I dabbled a little in the high realism movement in fine art (loved Ken Danby, for instance), but mostly wanted to be an illustrator. My first job opportunity was in architectural renderings, however, so that started my career proper. Over time I expanded my experience, and in my spare time I painted Tolkien, at that time (mid-70s) a private 'hobby' I hoped to develop and share soon.

Why did you choose fantasy and stories with a mythological and visionary flavour as your own field of work?

It wasn't so much fantasy or myth per se, but Tolkien in particular--though as a boy I liked fairy tales and mythic creatures, naturally. Tolkien overwhelmed me with its beauty and special and obvious importance as a work of fiction and imagination. I wanted to show people what scenes from this great book might look like.

Remember that in those days there weren't many people trying to illustrate the books, and calendars displaying fan artwork were only just beginning to be published.

What techniques do you prefer to use?

I work in 'old tech' style with pencils, paper, brushes and gouache paint on board. I include airbrushing in that too, but sparingly.

How did you come to draw Tolkien's world?

As suggested above, I fell in love with The Lord of The Rings, and because there were so few illustrations around, I decided I would fill the gap for my own pleasure. It was a big departure from the more technical art I was interested in; car illustration and architectural.

What do you like most about Tolkien's creations?

I think it's the combination of ideas and atmosphere. An ancient, familiar (heroic, medieval, English) yet strange world, hobbits, Elves and the terrifying evil of Sauron. The sense of Time and melancholy coupled with the universal love of life, plus the sense of a wondrous lost world. Irresistible.

You are creative both as illustrator and as musician: does your work with music helps you in the illustration field?
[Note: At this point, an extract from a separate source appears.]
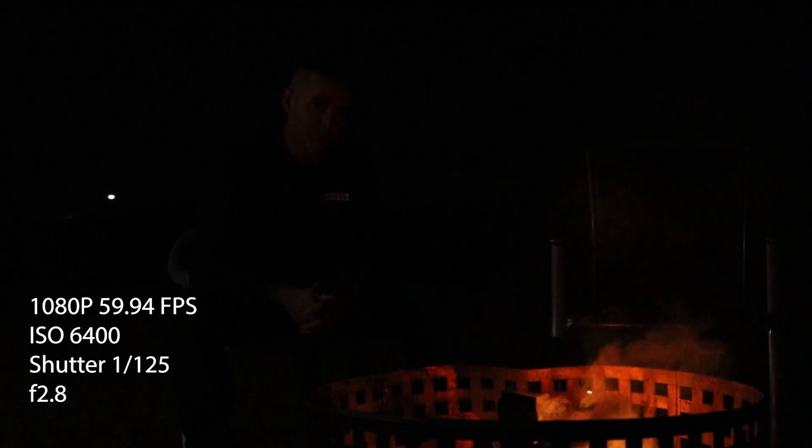At ISO 3200 in 1080p 60fps you really can't see anything. Going to ISO 6400, you can now see the fire pit and the empty chair, but it's still really hard to make out my face. At ISO 12800, you can see me but it's still really dark. I think that's where it ends for 1080p 60fps in very low light — you're not really going to want to shoot at 60fps in extremely low light, so go back to 24fps.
I don't see an obvious connection offhand, but it's not uncommon for creative people to have more than one talent. I find my music allows for more individual expression of my life experiences and ideas, while Tolkien is more of a Grand Project to express devotion to Tolkien.
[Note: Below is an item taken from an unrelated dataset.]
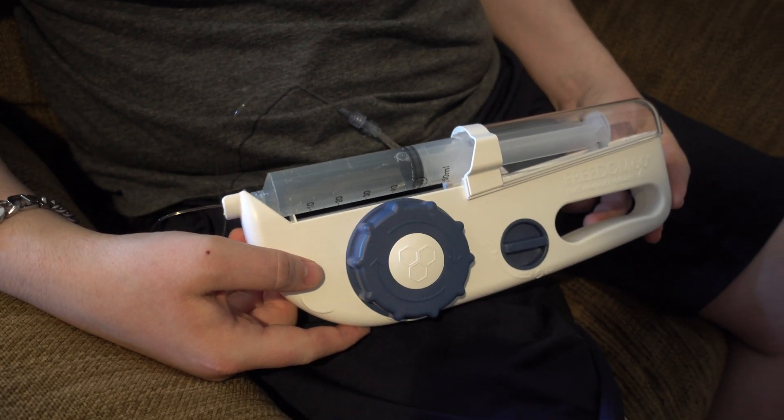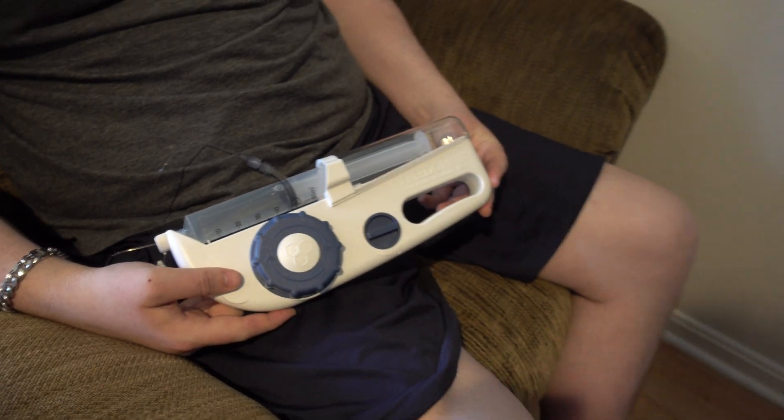And that's it — we started the infusion. It's 12:20 right now, so we'll mark that.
There is crossover where I write or arrange songs/music in a Tolkien vein, however.

From a personal and/or professional point of view, what is the most satisfying work that you have done so far?
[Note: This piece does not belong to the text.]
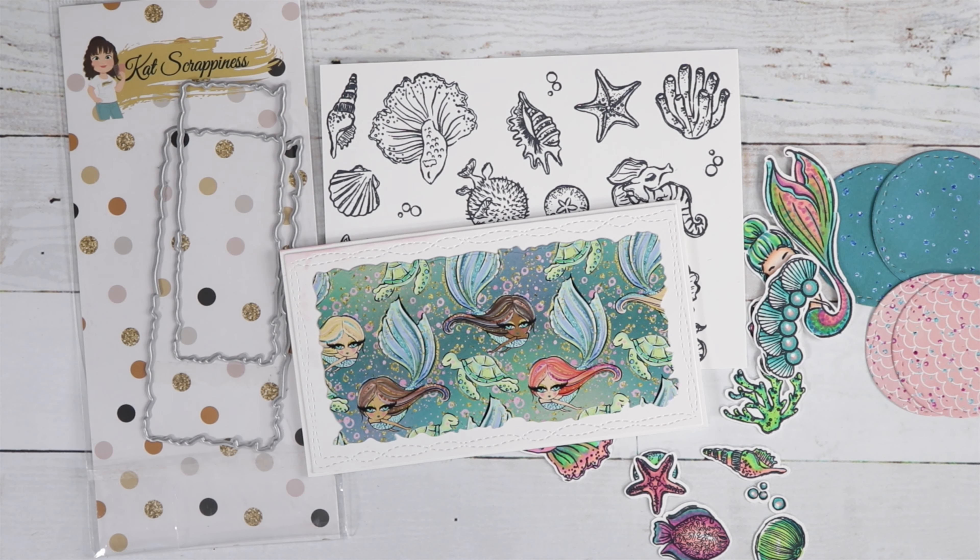I've colored a bunch of the images from our two stamp sets, which are also sold individually — I'll have everything linked in the description box for you. Here's the background; it just looks so cute just like that. I decided to keep it plain and simple so the background is the star of the show.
It's a bit of a toss up between the various calendars I've illustrated and the illustrated Silmarillion. To be officially entrusted to illustrate a Tolkien book is very important, but sharing my LotR artwork in calendars is something I dreamed of well before I got my break, too.

Is there any author or story that you would like to illustrate and haven't done yet?

Well, I have a few possibilities: I'm to illustrate one of the sequels in the current George R.R. Martin series, and Mark James novel The Stoneholding might be a future project if it becomes as successful as it deserves. I'd like to formally illustrate other Tolkien books, too: Smith of Wootton Major, The Hobbit, Farmer Giles, etc.

The next questions revolve around the same subject, your opinion regarding contemporary genre illustration:

What do you think about present-day fantasy illustration in general?

I think there are many very talented, brilliant artists out there; I love some of the amazing artwork I see at times.

Do you usually like what you see on fantasy book-covers?

I don't actually keep up with the bulk of new fantasy novels, but occasionally in the bookstore I'll look twice at the cover art if it looks particularly beautiful. I'll usually check to find out the illustrator's name.

Now a couple of questions for your italian fans of FantasyMagazine:

Is there any italian artist that you know better and like?

Unfortunately, I'm not great with particular names, though I've seen Italian artwork in the Tolkien calendars which I liked quite a lot.

Have you ever been to Italy? Would you like to come and visit us?

I haven't yet been to Italy, no, although my son and daughter have; their grandmother is Italian. I was invited to a conference (HobbitCon?) a few years ago, but scheduling conflicts prevented acceptance. I would much enjoy a chance to visit, yes!